How would you draw this? (1 Viewer)

[Dubble-u25]

{z e C | |z − i| < |z − 1| }??

Thankyou

 

[nightweaver066]

{z e C | |z − i| < |z − 1| }??

Thankyou

Oh wow. Similar to the one that Carrotsticks posted earlier today haha.

|z - i| starts from 1 on the imaginary axis.

|z - 1| starts from 1 on the real axis.

Perpendicular bisector of the chord joining those two points is y = x

For |z - i| <= |z - 1|, has to be the region below and including y = x, therefore the region of

 

[Dubble-u25]

Really? haha sorry
hmmm... how does |z- i| and |z - 1| both look like? are they still circles?

 

[Carrotsticks]

Really? haha sorry
hmmm... how does |z- i| and |z - 1| both look like? are they still circles?

Not quite.

The locus is no longer |z-i| = k or |z-1| = k, which would give you a circle.

Now, the two moduli are thrown in together with an inequality in between them, which yields a totally different locus (or set of points satisfying the condition).

 

[nightweaver066]

Wait.. do you do MX2 (your signature)?

|z| means the displacement of the complex number, z, from the origin.

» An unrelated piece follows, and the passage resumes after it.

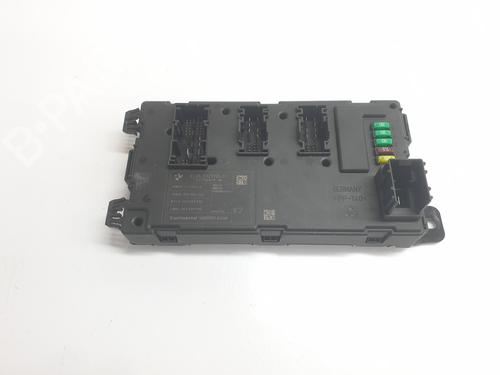 Used Fuse box BMW 3 (F30, F80) 318 d (143 hp) 25870712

Similarly, by shifting it upwards 1 unit, |z - i|, means the displacement of the complex number, z, from 1 unit above the origin, i.e. (0, 1).

Same thing with |z - 1|, just meaning the displacement of the complex number, z, from 1 unit to the right of the origin, i.e. (1, 0).

First look for the region where equality holds, i.e. the displacement from |z - 1| and |z - i| are equal. You find that this is y = x (the perpendicular bisector of the chord between (1, 0) and (0, 1) ).

Then you determine whether it will be above or below the line by testing a point seeing if it satisfies the condition.

 

[Dubble-u25]

ahh i see... thanks for clearing it up